In GPU-bound productivity apps like Blender, though, the Tiki shines. It was able to exceed the same card inside the Maingear Vybe in two of the three renders, in fact. Although the Ryzen 7 5800X3D isn’t an ideal choice for productivity, the Tiki offers enough bandwidth and power to support long render times and intense non-gaming applications.
A big pain point for small form factor builds is constrained performance due to thermals, but the Tiki consistently reinforced that it can go toe-to-toe with machines more than quadruple its size in my testing. Even the HP Omen 45L’s dedicated Cryo Chamber cooling doesn’t give it an edge over the Tiki in gaming performance.
Starting with synthetic performance in 3DMark, the Tiki shows off the power of the Ryzen 7 5800X3D. Even with the same GPU as the Maingear Vybe, the Tiki is able to outpace the older 12-core Ryzen 9 5900X. The Core i9-12900K and RTX 3090 inside the HP Omen 45L provide some competition in Time Spy, but the Tiki took the crown in Fire Strike.
In real games, the Tiki still impresses. The thermal design allows it to compete with much larger machines, showing the full power of the hardware inside.
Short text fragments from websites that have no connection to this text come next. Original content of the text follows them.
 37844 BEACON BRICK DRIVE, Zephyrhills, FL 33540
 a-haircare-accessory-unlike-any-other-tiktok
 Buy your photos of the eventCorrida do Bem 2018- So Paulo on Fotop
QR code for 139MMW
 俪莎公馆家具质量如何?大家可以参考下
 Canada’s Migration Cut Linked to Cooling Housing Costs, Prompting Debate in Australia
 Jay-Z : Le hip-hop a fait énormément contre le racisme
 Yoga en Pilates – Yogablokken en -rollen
Although the results aren’t exciting — the vast majority of my tests were within a frame or two of the others — they showcase that the Tiki is able to take advantage of what you put inside it.
Forza Horizon 4 and Cyberpunk 2077 show the clearest differences, with the extra cache on the Ryzen 7 5800X3D allowing the Tiki to hit higher frame rates even when constrained by the GPU. It’s important to keep in mind that the Omen 45L isn’t available with this chip, and you can pack an RTX 3090 into the Tiki to match HP’s machine.
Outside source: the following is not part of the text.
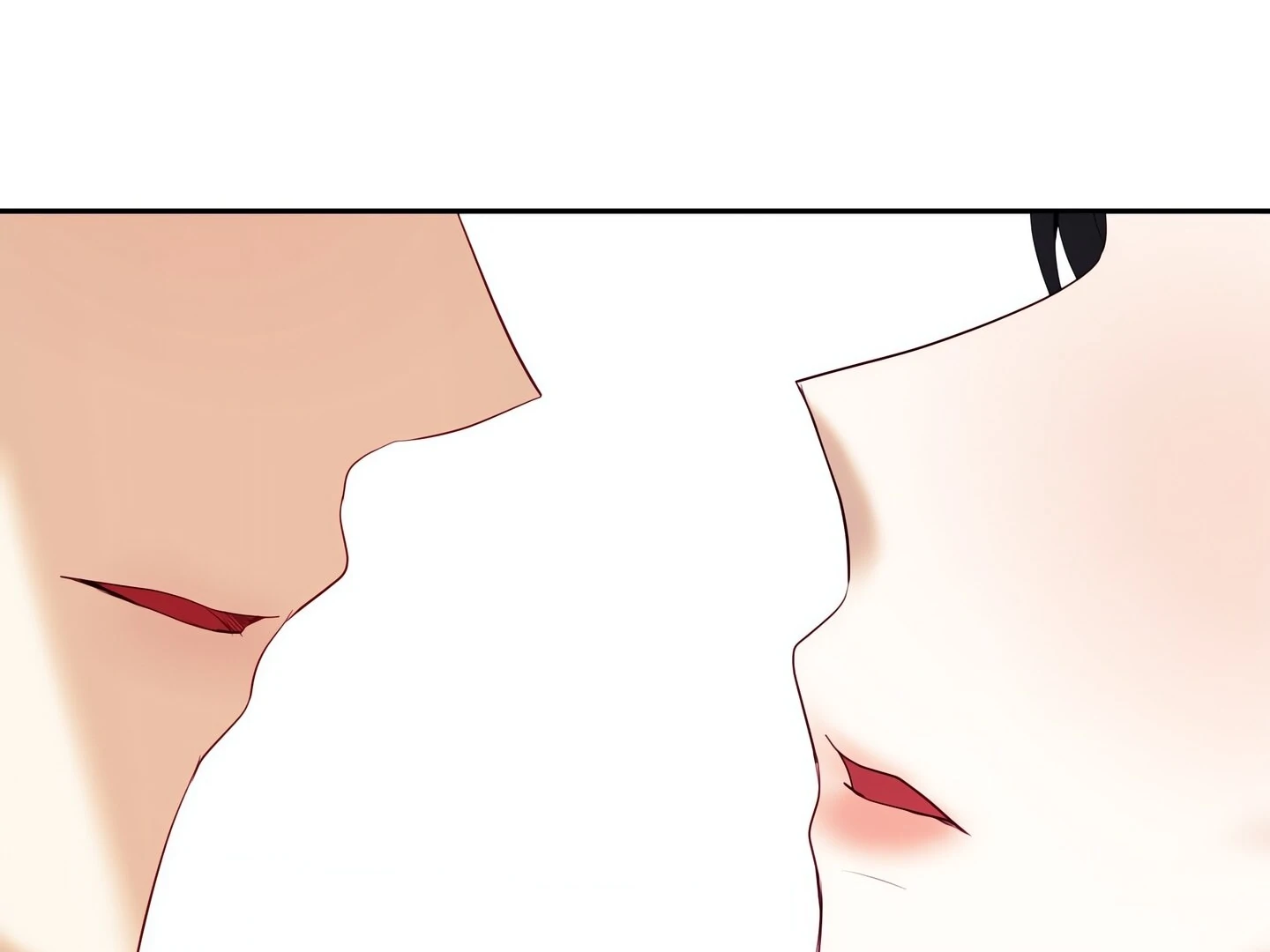 Domming My Boss Chapter 22 - Page 152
The Tiki is an awesome gaming machine, matching machines that are much larger without getting louder or hotter. I’d recommend sticking with the Ryzen 7 5800X3D configuration if you’re primarily interested in gaming — it’s cheaper, and it blows AMD’s other options out of the water.
There’s nothing to report here. Falcon Northwest clearly respects its customers more than large brands like Asus and HP, and it doesn’t include any bloatware. It doesn’t include any software at all, in fact. Even the Nvidia driver is a stand-alone installation apart from GeForce Experience.
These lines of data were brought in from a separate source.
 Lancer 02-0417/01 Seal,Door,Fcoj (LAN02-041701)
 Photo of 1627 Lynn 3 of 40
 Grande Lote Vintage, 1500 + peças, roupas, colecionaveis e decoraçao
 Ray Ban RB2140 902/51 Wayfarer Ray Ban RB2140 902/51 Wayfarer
It doesn’t sound like a big deal, but the Tiki runs much faster as a result. Boot times are almost instant because there aren’t any startup apps outside of the ones included with Windows, and you don’t have to constantly monitor your task manager to see what’s sucking down power in the background. The Tiki feels like a machine you built yourself, and that’s hard to come by.
Beyond the software inside Windows, Flacon Northwest has all of the optimizations you could need enabled — XMP is turned on, ReBAR is enabled, and all of the drivers and Windows updates are the most recent (assuming a new one doesn’t come out during the shipping process, of course). The only thing Falcon Northwest messes with on the software side is setting a background and your default browser page to its website.
The Tiki is an expensive mini PC that earns every dollar Falcon Northwest asks for. You can pick up a cheaper option with the same components and get similar performance, but it’s Falcon Northwest’s attention to detail, excellent component selection, and thorough build process that make it stand out.
Are there any alternatives?
Yes, but none as well-built as the Tiki. The most direct competitor is the Corsair One i300. Maingear offers its Turbo and Origin PC offers the Chronos as small form factor options, though neither of them is nearly as small as the Tiki.
How long will it last?
With premium hardware inside, the Tiki will last several years. Falcon Northwest offers a standard three-year warranty, as well, and assuming you can fit the components inside, you can upgrade the Tiki down the line if you want.
Should you buy it?
Yes. There isn’t another small form factor PC that walks the tight rope like the Tiki does, offering flagship power, a super small footprint, and thermal performance that rivals desktops two or three times its size.